A beat on all counts
1QFY21 revenue decline of (just) 4% was ahead of consensus estimates. Internals were pleasing – toothpaste had ‘positive sales growth’ – a likely case of market share gains (inline with our thesis). We believe Colgate benefited from (1) a largely ‘essential’ portfolio, (2) presence across the price-benefit pyramid – help capture any impact of downtrading and (3) strong distribution reach, especially in rural India which was relatively less impacted. Focus towards the naturals category and increasing brand visibility inspires confidence. That said, weak macros are likely to impact premiumisation and delay the likely business plan to diversify in other home and personal care categories. Our earnings estimates are up ~5%; modelling revenue / EBITDA / PAT CAGR of 6 / 11 / 12 (%) over FY20-22E. Retain HOLD. Our recent upgrade of Colgate was based on management’s commentary that “FY21 performance is likely to remain resilient and not materially impacted by COVID given the essential nature of the product”. We noted that this could potentially result in a beat versus consensus expectations of flat revenues in FY21. See report here.
* Toothpaste revenues grew in 1Q: Company revenue declined 4% while EBITDA / PAT grew 3% / 17% respectively. More importantly, toothpaste revenues grew in the quarter – a significant outperformance, in our view. We believe that, Colgate gained market shares in the quarter, helped by strong execution and making the products available to the consumer. Colgate launched Hand Sanitiser under the Palmolive brand and also launched a new range of toothbrushes – Colgate Gentle.
* Margin expansion helped by ad-spend rationalisation: Gross margin improved 30bps YoY to 66.1% (input costs remained stable). However, EBITDA margin expanded 200bps to 29.6% (highest quarterly profit) primarily driven by rationalisation in ad-spends (down 300bps YoY; -25% YoY on absolute basis) significantly offsetting negative operating leverage – staff costs (+9% YoY) and other opex (-2% YoY).

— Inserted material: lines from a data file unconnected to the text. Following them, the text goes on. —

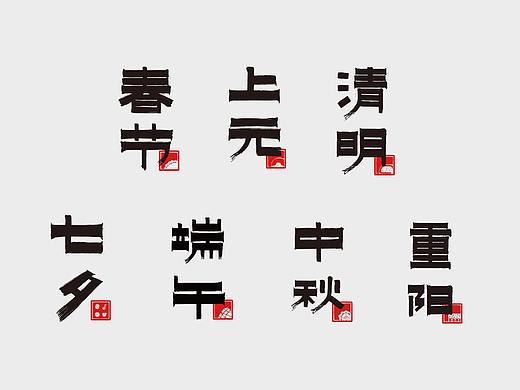 传法刻意—中国传统节日标识设计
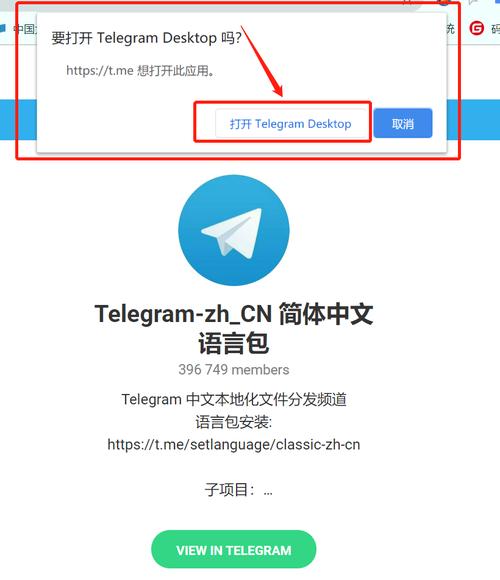 telegraph改成中文、telegran怎么转化中文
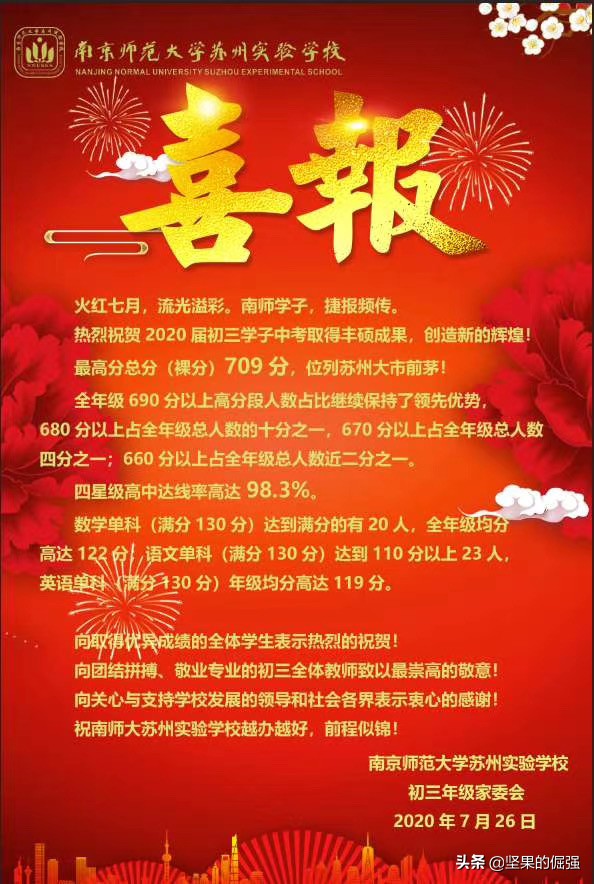 苏州市九所优质民办初中，附四星级高中达线率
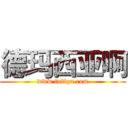 德玛西亚啊 (www.fuliqu.com)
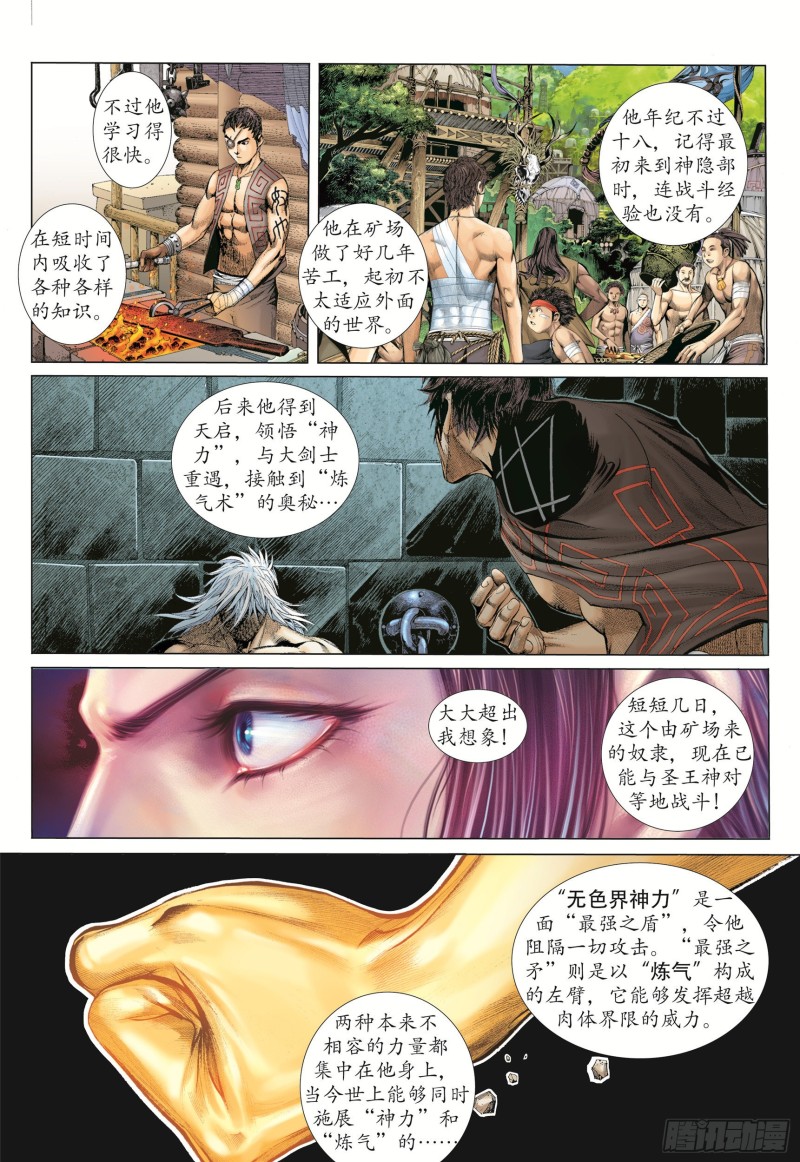 武庚纪2漫画,12话|圣王·神技（上）3图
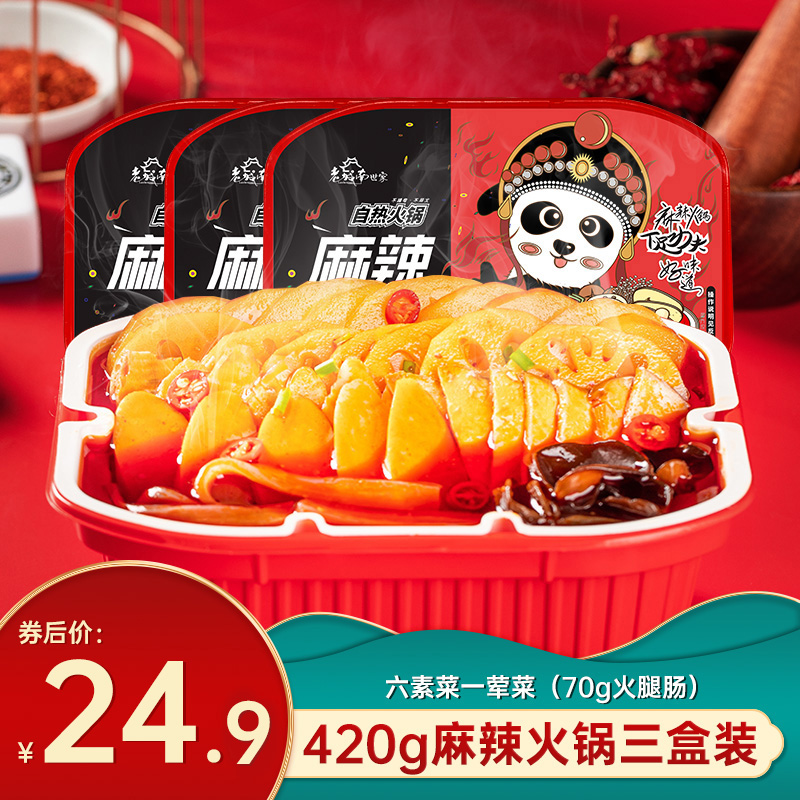  【已验货】老城南 自热懒人 麻辣小火锅420g*3盒装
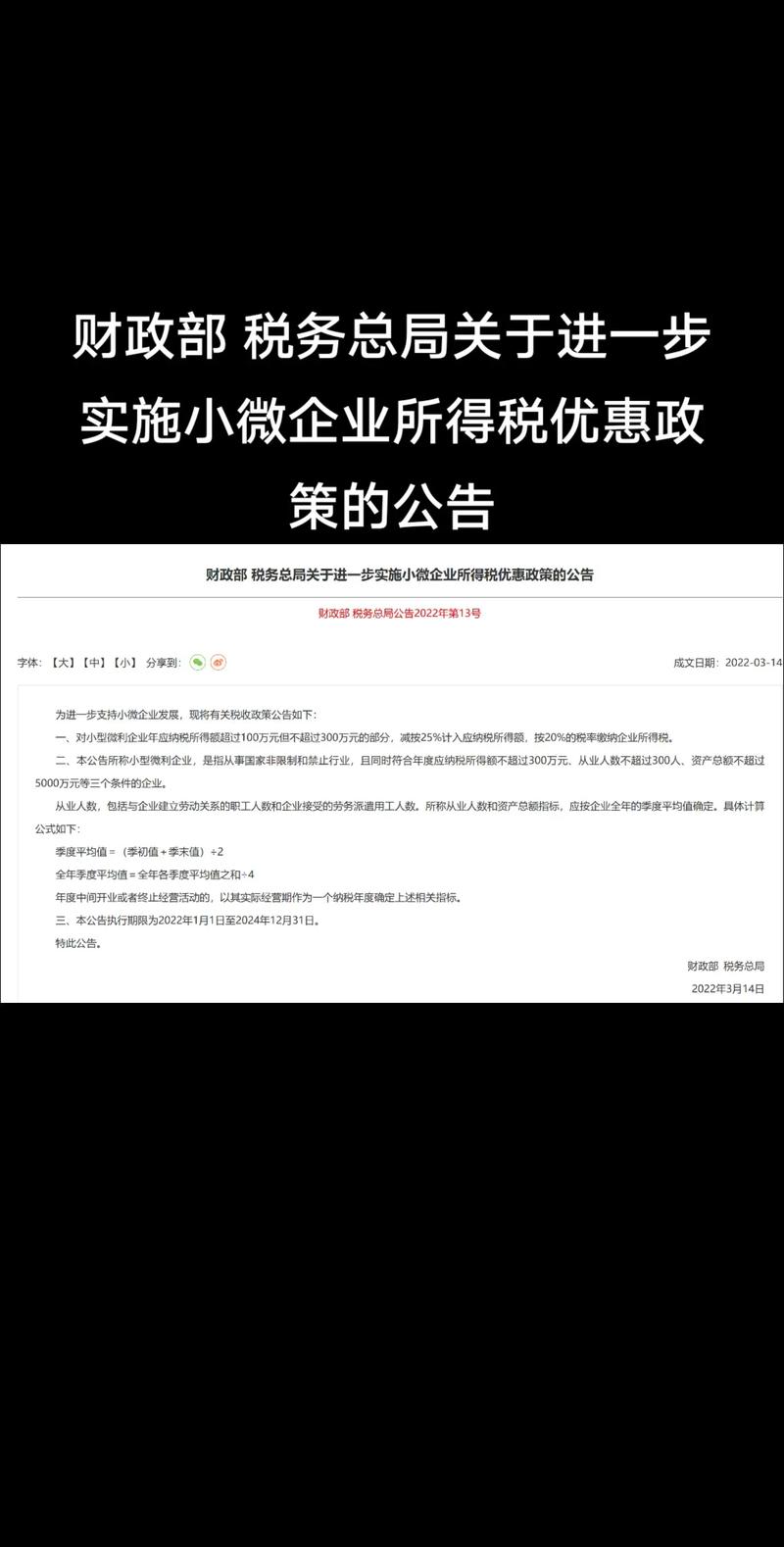 多项税收优惠政策出台 支持小微企业融资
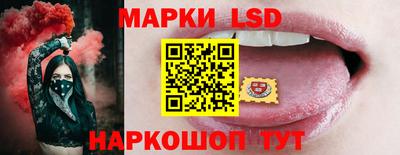 мяу мяу мука Лесосибирск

* Outlook: Given largely essential product portfolio for Colgate, we expect the impact to be the least among HPC companies. Management continues to focus on driving growth through (1) building brands and increasing household penetration, (2) innovation, (3) winning in emerging channels and (4) strengthening its go-to-markets.
* Valuations and risks: We increase our earnings estimates by 4-5%; modelling revenue / EBITDA / PAT CAGR of 6 / 11 / 12 (%) over FY20-22E. Maintain HOLD rating with DCF-based revised target price of Rs 1,500 (was Rs1,400). Key upside risk to our thesis is faster-than-anticipated recovery in macro driving premiumisation and key downside risk is lower-than-expected market share gains.